Pada kenyataan yang bisa kita rasakan sekarang, provokasi nafsu sudah amat samar untuk kita deteksi. Sebab selain ia menjadi bagian dari diri kita sendiri, tak jarang ia juga berkoalisi dengan musuh dalam selimut lainnya. Nafsu menjalin kerjasama begitu mesra dengan Hawa semesra Amerika dan Israel.Keduanya bahu membahu untuk menjerumuskan kita untuk kebablasan menabrak rambu-rambu Allah yang sebenarnya demi keselamatan kita itu.
Akal sebenarnya netral.Ia adalah filsuf yang pada mulanya sepaham dan sering bekerjasama dengan Hati untuk memutuskan hal-hal besar demi keselamatan kita. Namun bukan Nafsu namanya jika tak bisa merayu Akal untuk mbalelo.Apalagi Akal kadang juga lebih cenderung realistis, menganut faham materialisme dan kadang kapitalis, makanya, dengan sedikit provokasi dan sogokan saja Akal sering keblinger menyetujui akal bulus Nafsu dengan memberikan pembenaran juga.

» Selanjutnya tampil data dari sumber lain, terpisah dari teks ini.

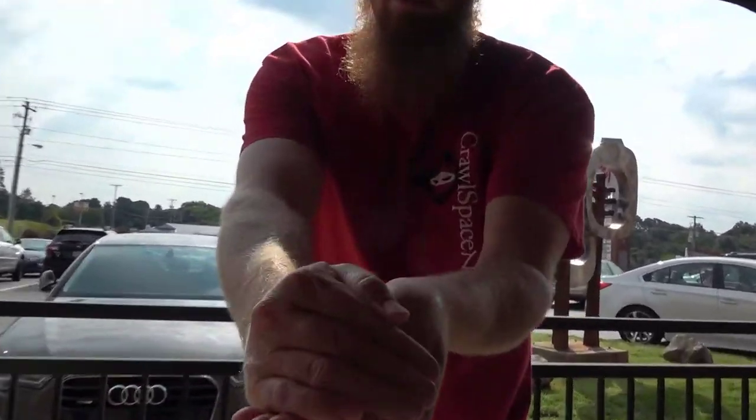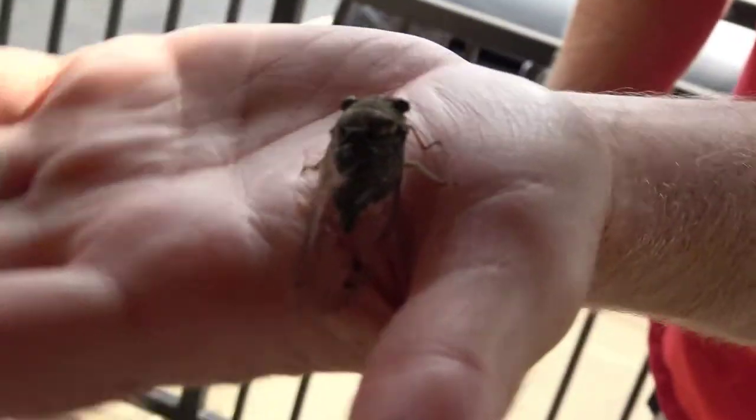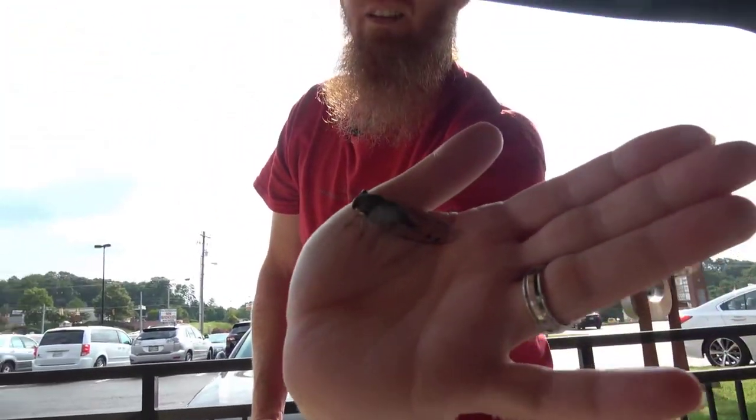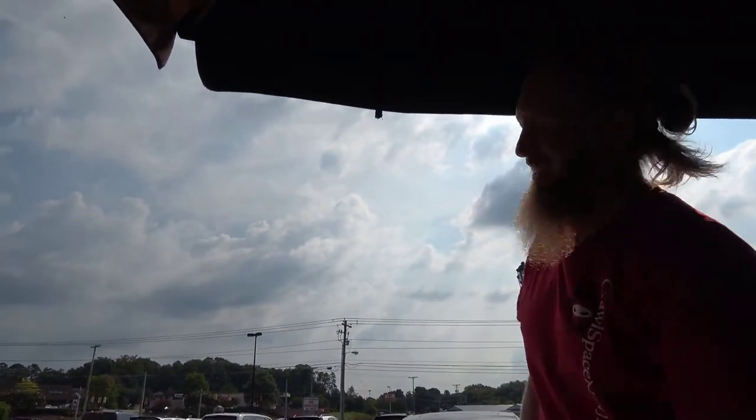Did you get him? I got him, you ready? Nice. There you go.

Hati adalah sosok paling jernih. Bahkan konon ia sering disebut-sebut sebagai “rumah Allah” dalam diri kita. Tapi ketika Nafsu, Hawa apalagi Akal juga ikut andil, Hati pun bisa ikut-ikutan keblinger untuk menuntun kita terjun bebas ke jurang larangan Allah.
Kabar buruk dari percaturan pengaruh dalam diri kita, Nafsu itu licik dan tak tahu malu mirip Amerika.Bukan hanya “orang baik” seperti Akal dan Hati yang ia pecundangi. Ia juga tak jarang “main mata” dengan Iblis dan Setan untuk menghancurkan kita.
Tapi untungnya Gusti Allah selalu tidak tega membiarkan kita menghancurkan diri. Allah bertanggungjawab atas program instal Nafsu dkk agar kita tidak hancur lebur dengan membocorkan terapi-terapi untuk melemahkan mereka. Salah satu, adalah dengan program bernama puasa.